From the Flight of the Earls to the Famine to the recession the brightest and the best have always scarpered. Add me to that list now. The rest, the dumbest and the worst and the least co-ordinated, have always stayed behind working for their daddies and running for office in the junior chamber. So. Irish sport is riddled with the Irish class system. The more middle class the sport the worse Ireland are at it. Rugby. Golf. Yachting. Cricket. If Tallaght ever gets independence the soccer is sunk too. We Australians on the other hand have the opposite experience. We had to endure five months of scurvy just to get here. The weakest died on boats coming over and if they didn't they died soon after.
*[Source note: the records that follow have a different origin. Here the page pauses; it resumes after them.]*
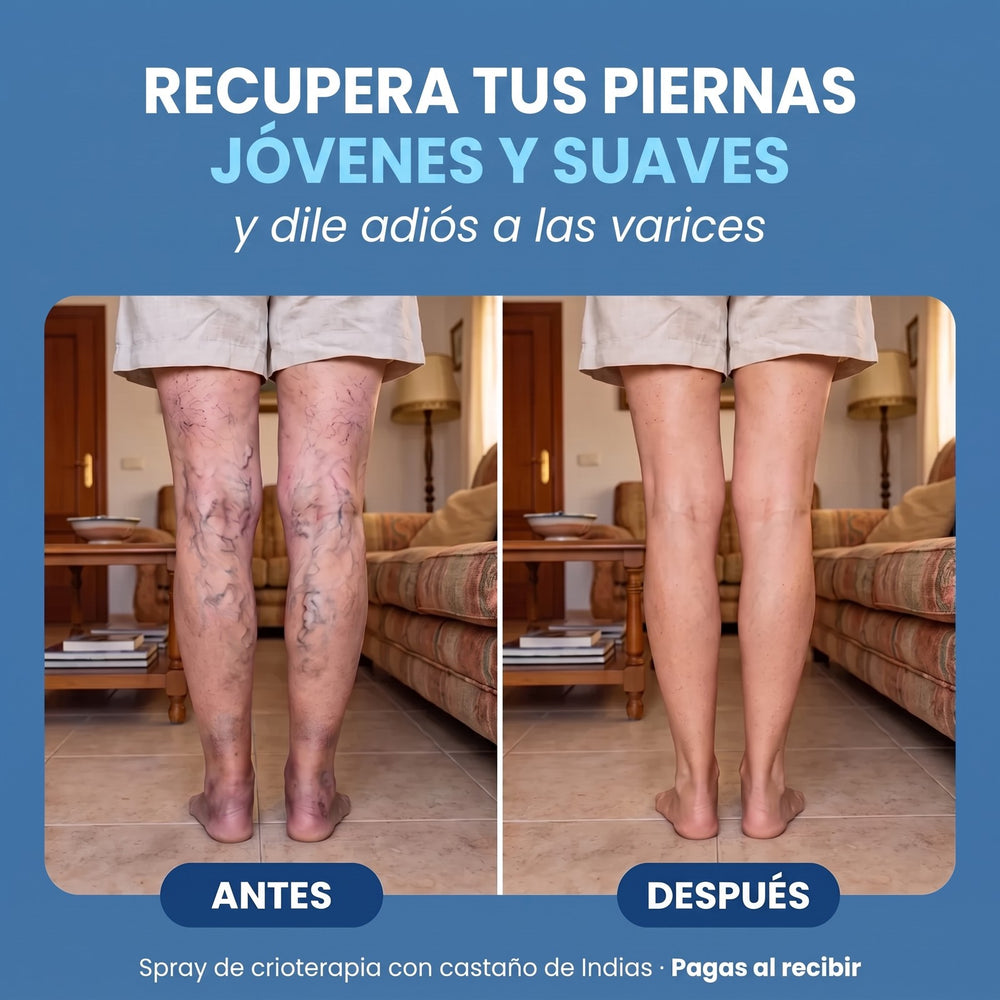 Antes y después de las varices en las piernas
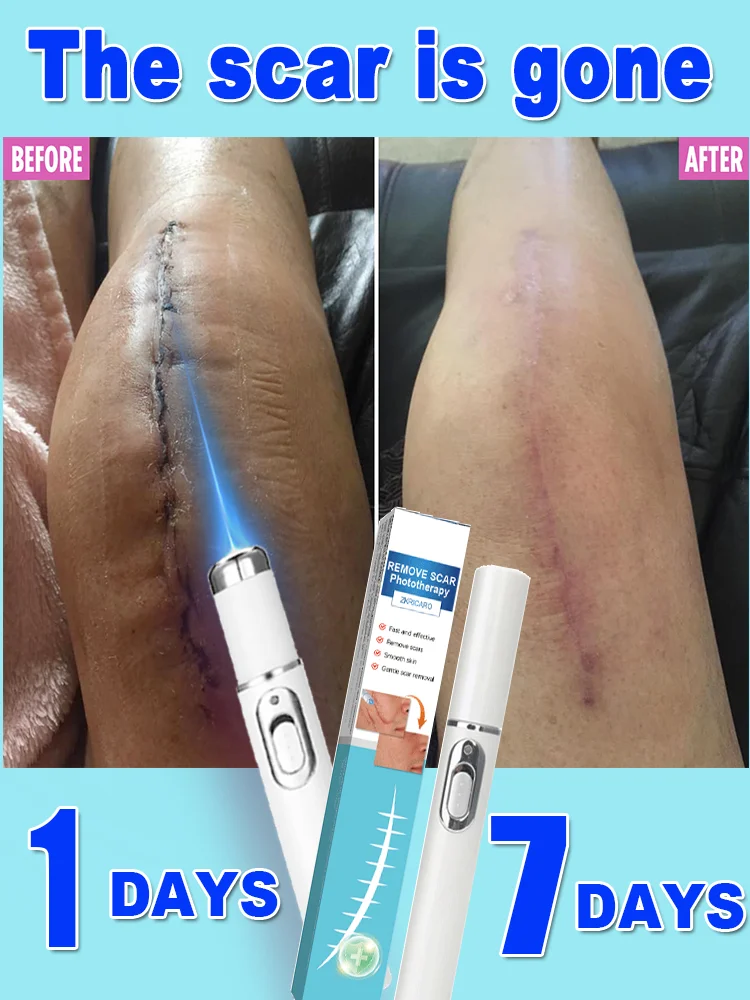 

No skin troubles - Laͣs͛eͤrͬ s͛cͨaͣrͬ rͬeͤmͫoͦvͮaͣl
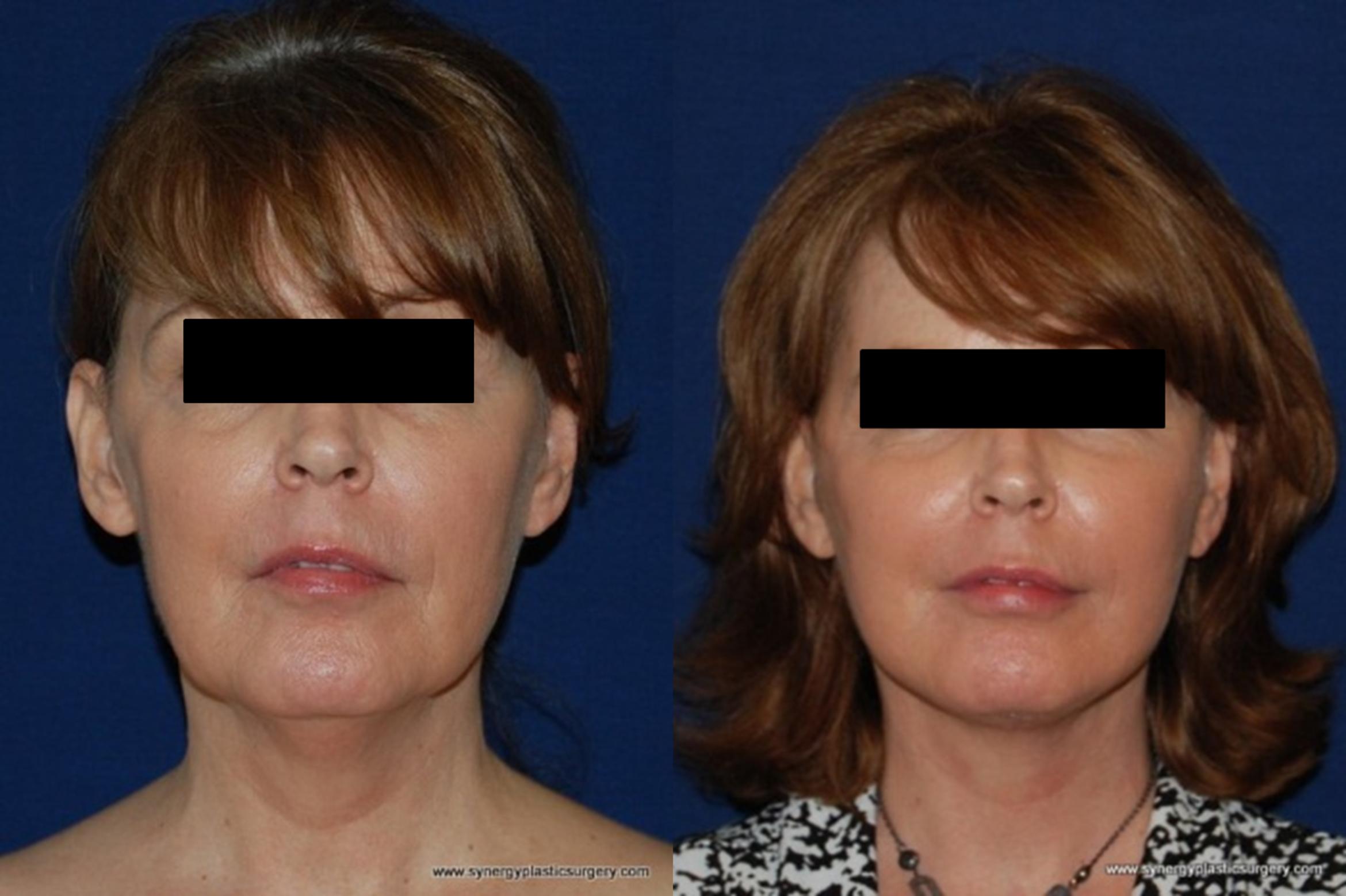 Before & After Facelift Case 177 View #2 View in Round Rock, TX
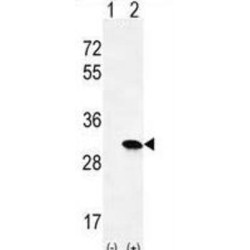 GTPase HRas (HRAS) Antibody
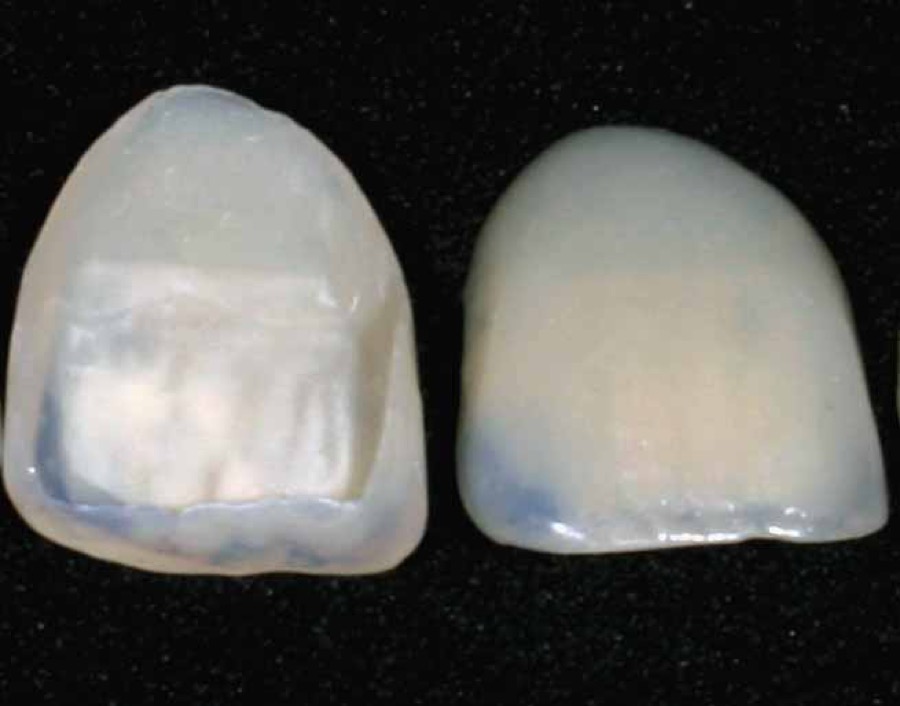 Ästhetische Zahnheilkunde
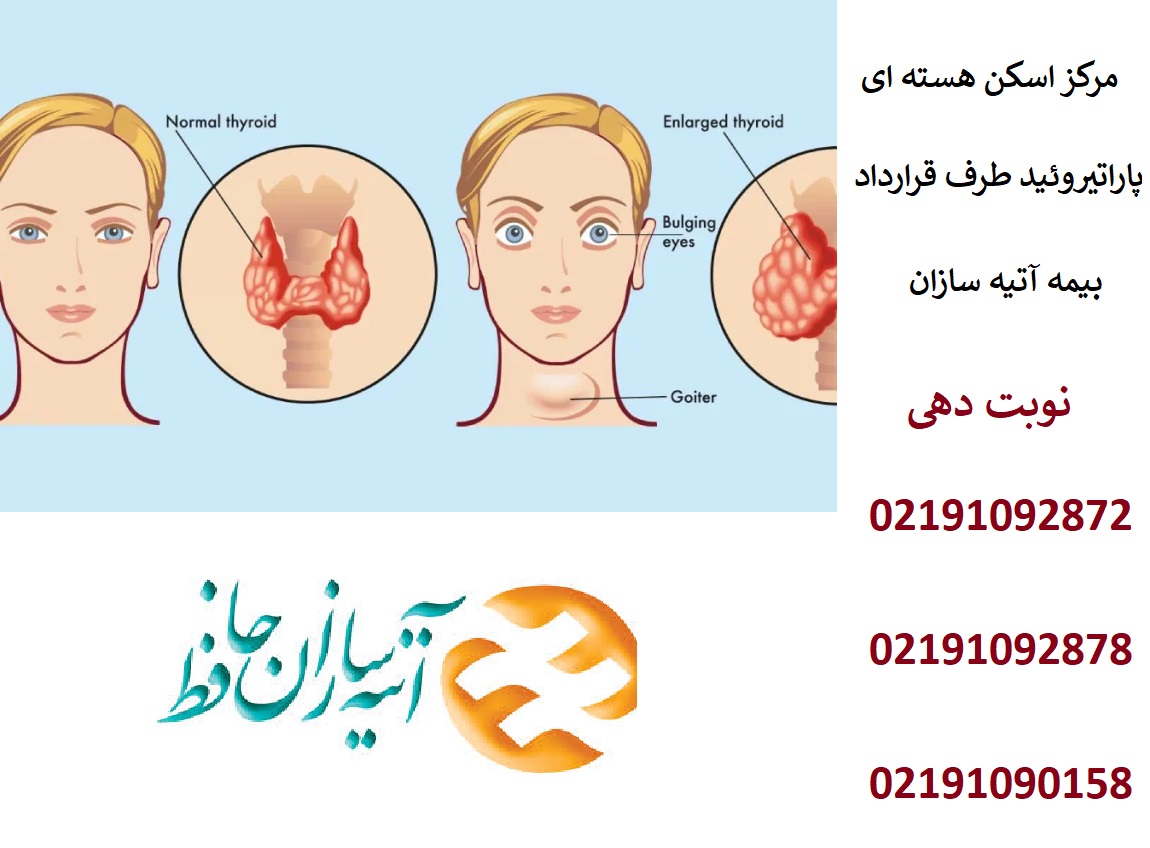 هزینه اسکن هسته ای پاراتیروئید با بیمه آتیه سازان حافظ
The tough, adventurous ones served their time or moved through the bush till they found enough viable land to make a farm.

Once settled, they set about making a society which, superficially at any rate, is classless.

Take a few stories. Bob's me mate and he drove me in a taxi down the Gold Coast last week. I said to him about our Australian nation's ability to be good, bloody good at a range of sports simultaneously. He gave me a 20-minute talk about his life.

As kids he and his friends would organise bike races across the sands on the little spits and islands along the Gold Coast. His Dad, a truck driver, was captain of the golf club, so all Bob's family played and Bob, who is nearly 70, still plays. Bob swam all his life and was captain of the swim team at school. Until recently everyone played in a regional tennis tournament which lasted through the summer and guaranteed a couple of games a week. "But," said Bob reflectively. "I was never really what you'd call sporty."

Then there's Chen. Chen's me mate too. He arrived here 15 years ago having squeezed out of Vietnam with his family and having spent two years in a hellish camp in Indonesia. He plays rugby but prefers running and has joined a triathlon club. His younger brother is a good golfer and the two of them have taken up surfing. His cousin, a swimmer, is hoping to get into the Australian Institute of Sport.

The AIS is what this country created after the Montreal Olympics, which went badly. The purpose is coaching and training and education. The philosophy is the propagation of sport, the development through a whole raft of policies of both an elite class of sportspersons and a massive well-catered-for underclass of people just healthily playing whatever they enjoy. The grants are good, the science and facilities are world class, the results are on display every day here at the Games. Any wonder we're putting on the happiest Olympics ever. Any wonder I've evolved into an Aussie.

"Best land in the world," Chen tells me.

"Who ya tellin' mate," I say to him.